▶ _Work required_:
Below are records; the lines starting at the one with "Saint appeal hoodie" and ending at the one with "Klattermusen Lopt Hood Jacket M's" must be reproduced exactly, both included. Pictures must not appear.

▶ _Information shown_:
++++++++
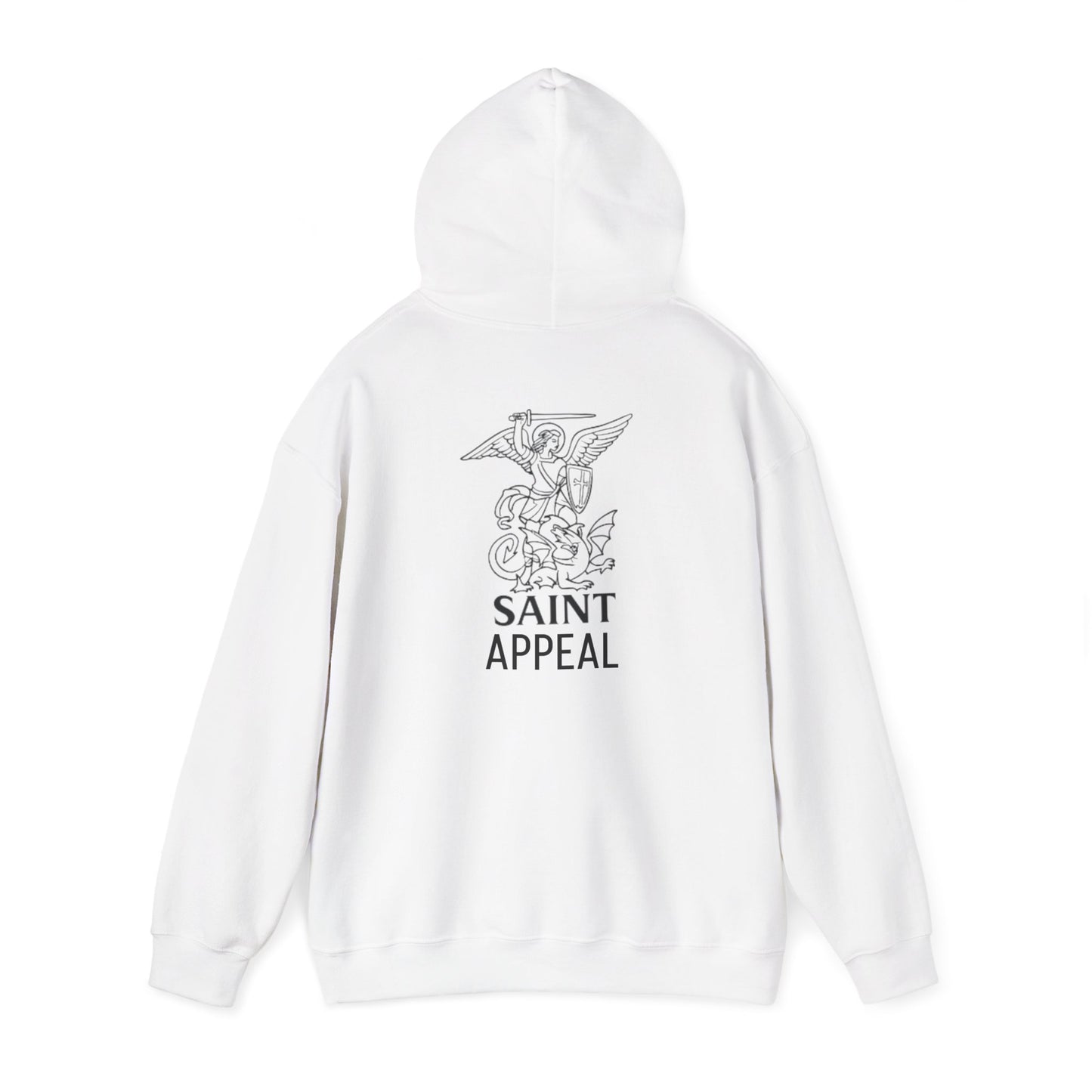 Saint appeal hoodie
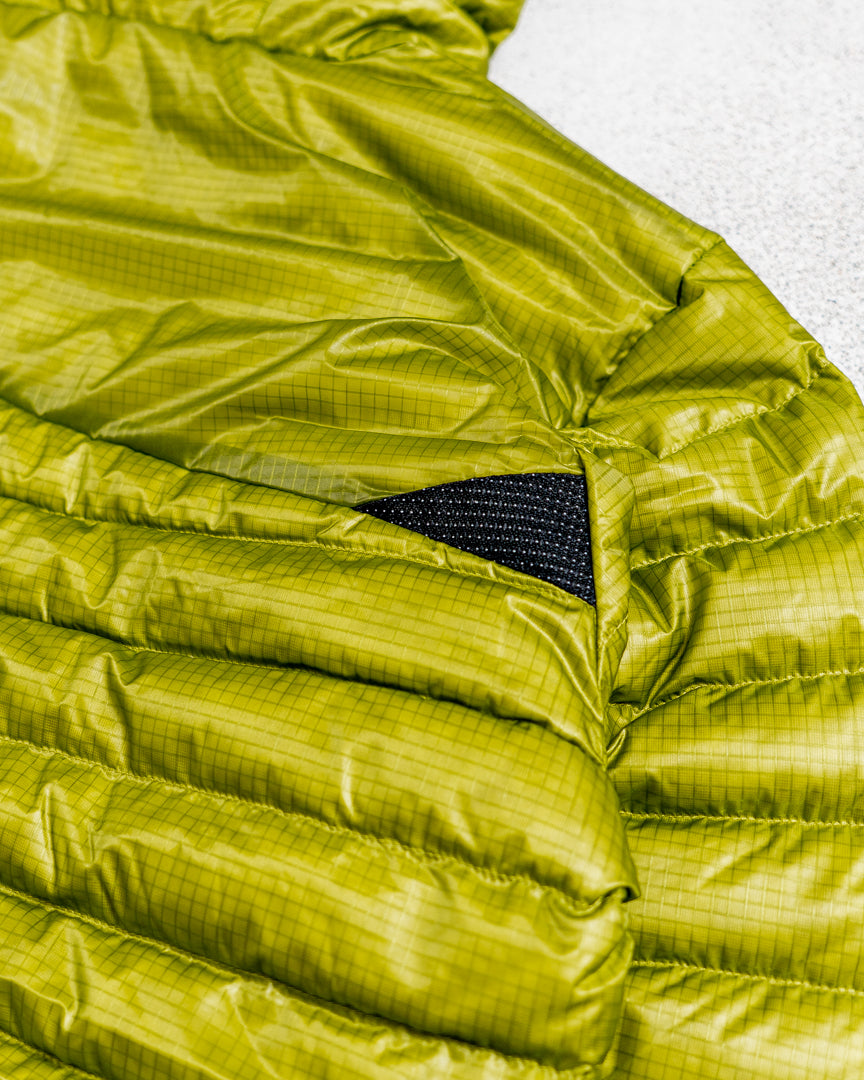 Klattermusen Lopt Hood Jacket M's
++++++++
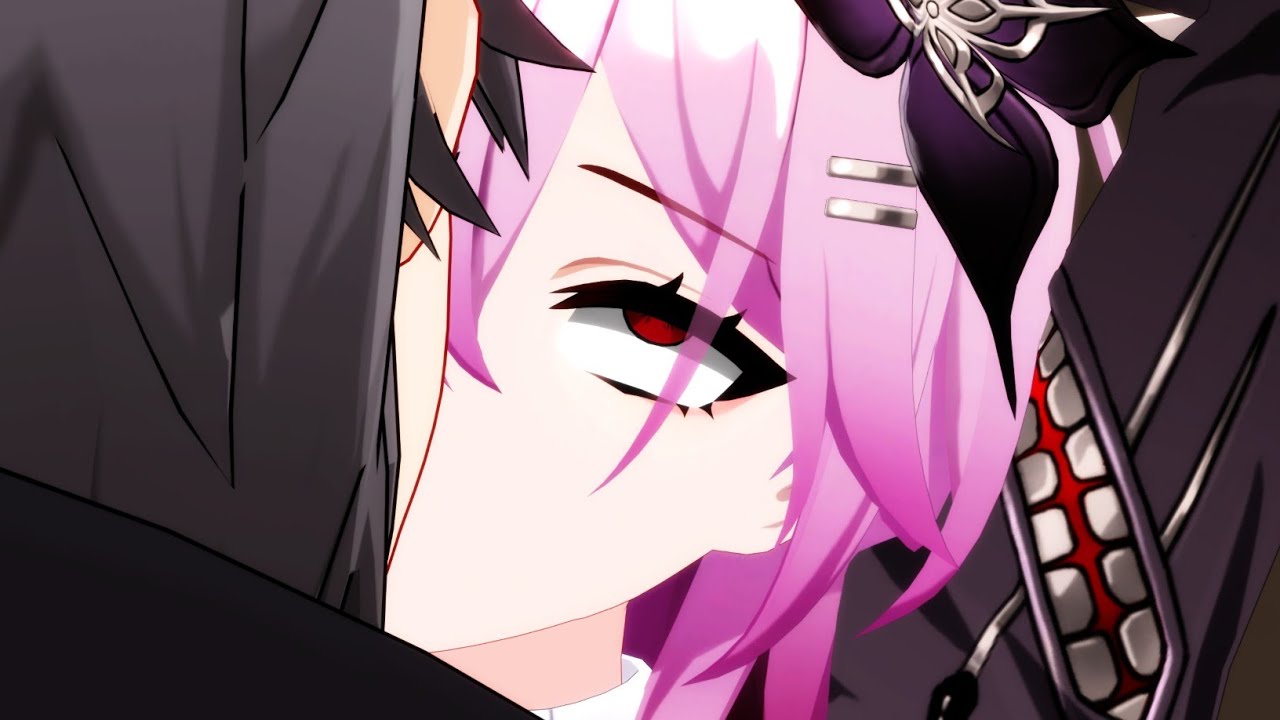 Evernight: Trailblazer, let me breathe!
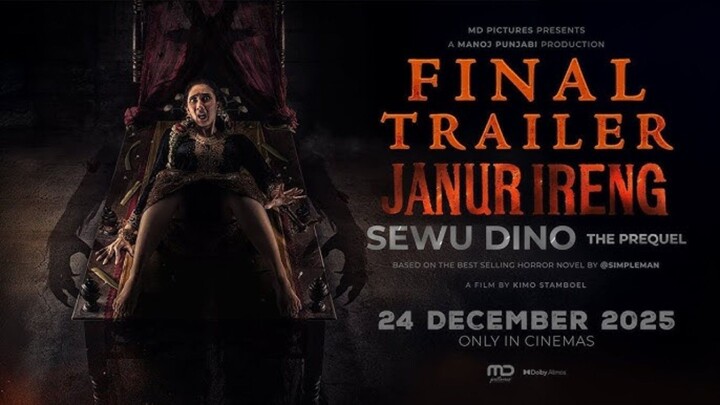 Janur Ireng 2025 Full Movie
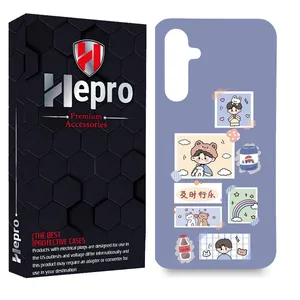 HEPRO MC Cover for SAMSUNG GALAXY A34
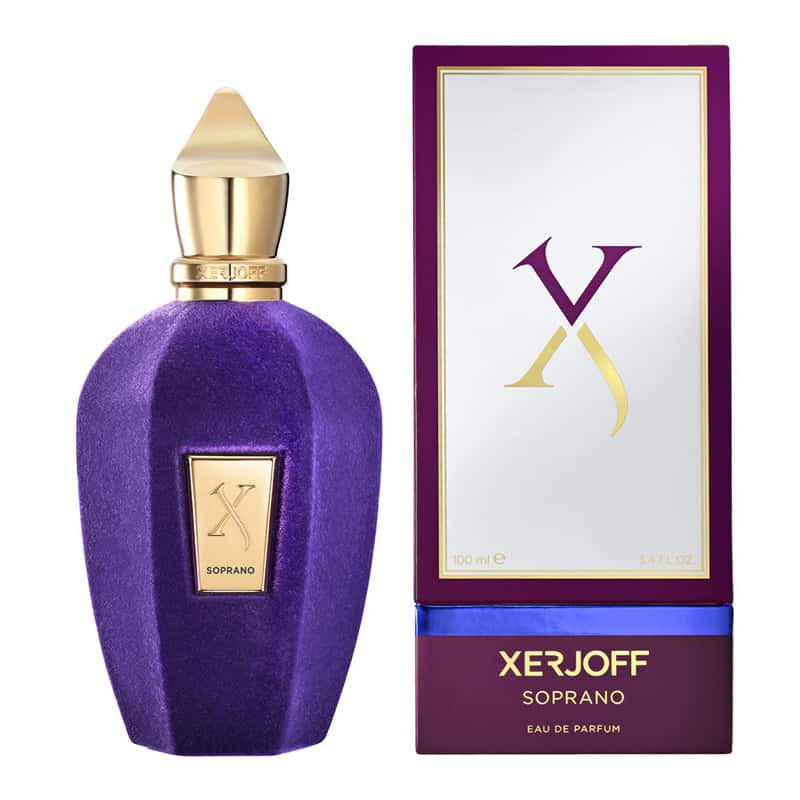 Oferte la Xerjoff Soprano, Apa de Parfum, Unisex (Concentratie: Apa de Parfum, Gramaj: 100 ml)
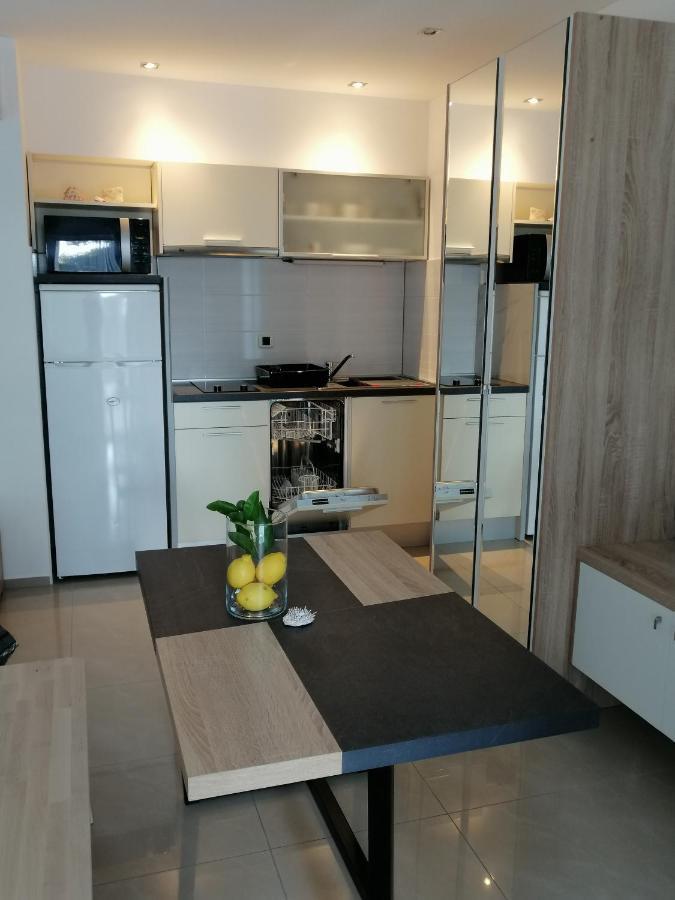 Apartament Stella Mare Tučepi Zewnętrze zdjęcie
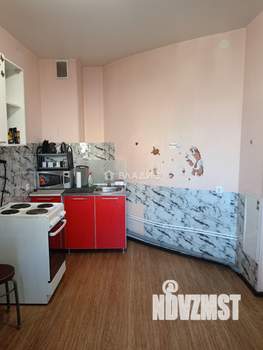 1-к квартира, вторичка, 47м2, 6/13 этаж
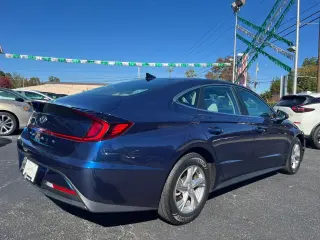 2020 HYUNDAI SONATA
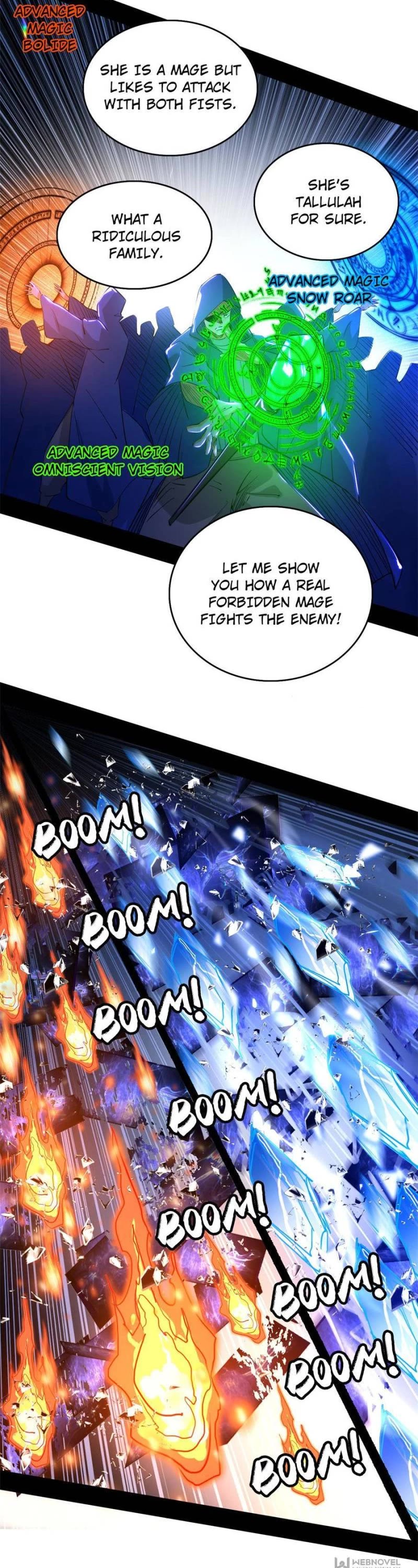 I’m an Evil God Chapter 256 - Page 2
++++++++
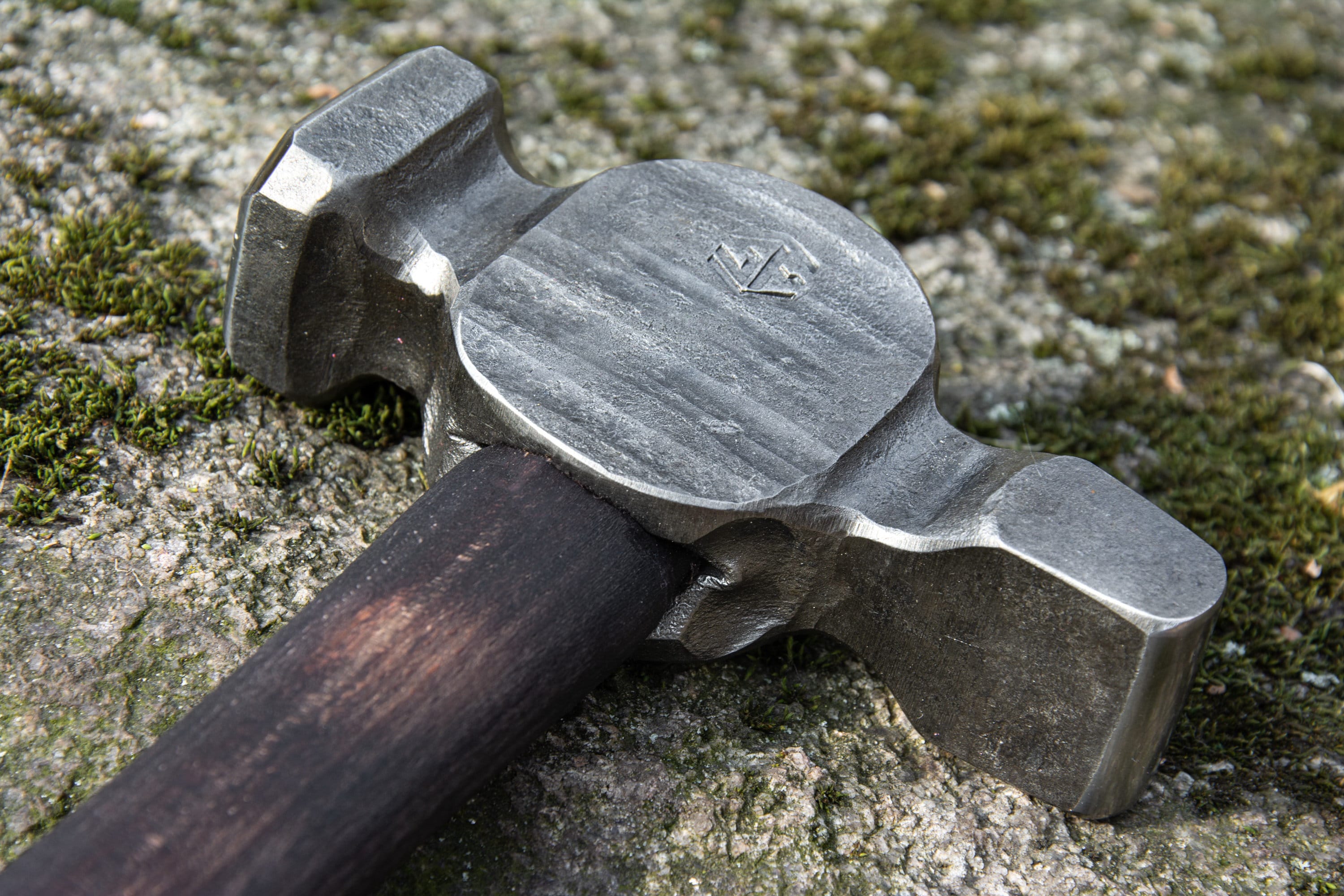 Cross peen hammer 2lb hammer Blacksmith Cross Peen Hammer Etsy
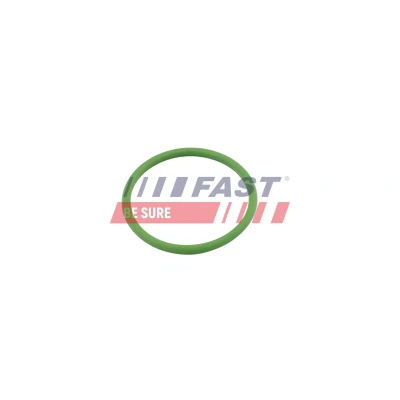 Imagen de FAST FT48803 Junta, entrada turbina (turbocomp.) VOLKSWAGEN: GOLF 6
++++++++
▶ _Solution below_:
 Saint appeal hoodie
 Klattermusen Lopt Hood Jacket M's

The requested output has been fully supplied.